‘We believe in one God, maker….of all that is, seen and unseen.’ These are words from the creed that we shall say in a few minutes.

I often dwell on these words for it’s encouraging to me that in the midst of words that seek to define and pin down something of what we believe about God there is still a space for the unknown.

‘We believe in one God, maker….of all that is, seen and unseen.’

The first sentence in our first reading from the Letter to the Hebrews says something similar ‘Now faith is the assurance of things hoped for, the conviction of things not seen.

Here the writer of that letter wrestles with the nature of faith, and writes of a ‘conviction’ that the presence of God is pervasive, even in the ‘things not seen.’

So, both those who fashioned the creed and the writer of the Letter to the Hebrews knew that whilst they wanted to say something about God, that which is ‘seen’ they also needed to leave space for that which is unknown about God ‘the unseen’.

It’s something that the poet T. S. Eliot knew well. Earlier in the year I called at a place called Little Gidding in Cambridgeshire. A tiny little hamlet set in the midst of open countryside with a small church.

After visiting there one afternoon he wrote a poem named after the place that became the last of his series of poems called The Four Quartets.

In the closing verses in what I have come to see as something of a creed for him. He writes:

With the drawing of this Love and the voice of this Calling
We shall not cease from exploration
And the end of all our exploring
Will be to arrive where we started
And know the place for the first time.
Through the unknown, remembered gate

Taken from T.S.Eliot Collected Poems 1909-1962, 1974 edition page 222.

Here Eliot reflects on the journey of life, and of how we human beings have a desire and a longing for meaning, he is right ‘we shall not cease from exploration.’

In so many ways this sense of exploring is what makes life interesting. Yet for me at least it isn’t an exploration taken in isolation but ‘by faith’ believing as I do that God is to be found and known in the midst of life.

Eliot, by the time he wrote these Four Quarters was a High-Church Anglican. He went to Mass daily and was a churchwarden at St. Stephen’s Gloucester Road in London.

So, he knew the value of practicing his faith through the daily routine of prayer and turning up to receive what our post communion prayer today memorably describes as ‘tokens of love.’

And yet he was alert and open to new possibilities, to exploration faithful to a God who was behind it all, who was and is ‘seen and unseen’.

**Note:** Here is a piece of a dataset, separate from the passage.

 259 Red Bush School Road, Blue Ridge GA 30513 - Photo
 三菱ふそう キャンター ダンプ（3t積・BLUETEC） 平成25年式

But what has all this got to do with us? I suppose its something about both the life of the church, the culture in which we live and the kind of church we at St. Mary’s want to be.

For sometimes the language around faith, and more widely in our society has become too brittle and abrasive. Too interested in certainty and neat definition and not leaving enough space for searching and exploring.

Perhaps its shaped by fear and anxiety as we worry about the future but for me the interesting stuff about faith is less about defining what we believe more about a way of living. A way of living ‘by faith’ in an open space.

Remember some of those words of Eliot.

With the drawing of this Love and the voice of this Calling
We shall not cease from exploration

Our calling, drawn by the love of God is to keep on exploring, with open, inquisitive and curious hearts and minds.

Believing in, and faithful to the God at the heart of everything, the God who is ‘seen and unseen’ because there is always more to discover and learn.

Now faith is the assurance of things hoped for, the conviction of things not seen.’ That word faith has its etymological root in the Latin, fides, ‘to trust’.

So the word faith is not so much a word about a set of ideas and propositions to believe rather a deep trust in God. Perhaps a simple creed for us might be some words of Bishop David Jenkins who once said ‘God is. God is as God is in Jesus, so there is hope.’

And if we are to take seriously the God who is revealed in Jesus then as I reflected a bit in the sermon last week, it changes our life, our priorities, the way we see each other and what we have.

For example, hear again some of Jesus’ words to us today ‘Sell your possessions’ he says. Why? Because the pursuit of treasure distorts our hearts, closes us down and draws us away from the God whose nature is self-giving love.

I think we struggle to see the unseen being revealed if our vision is impaired by closed and selfish hearts.

In an interview about her latest book a great searcher, the priest and writer Barbara Brown Taylor was asked in an age of so many different religious traditions, together with a growing apathy and indifference to faith what Christian mission looked like for her, she replied rather whimsically

Oh, it’s something about living a life that people would want to ask me about.

Interview with Barbara Brown Taylor, Nomad Podcast Episode N201.

For me I’m interested most in those lives which embody that kind of openness of spirit that I want to know more and ask about. Those lives that make me think.

Those lives like T. S. Eliot who help us explore that which is unseen and grow, both in faith and in just being fully human.

And for the church, well I’m most interested in being part of a community of faith that seeks to be open and learning with Jesus at the centre nudging us forward day by day to be together as fully human as we can be. A Church that St. Mary’s is, and is I pray becoming.

As we gather around his table to receive the tokens of love that bare his presence, renew our hearts and minds O God, to live lives of faith framed with thanksgiving for that which is ‘seen and unseen.’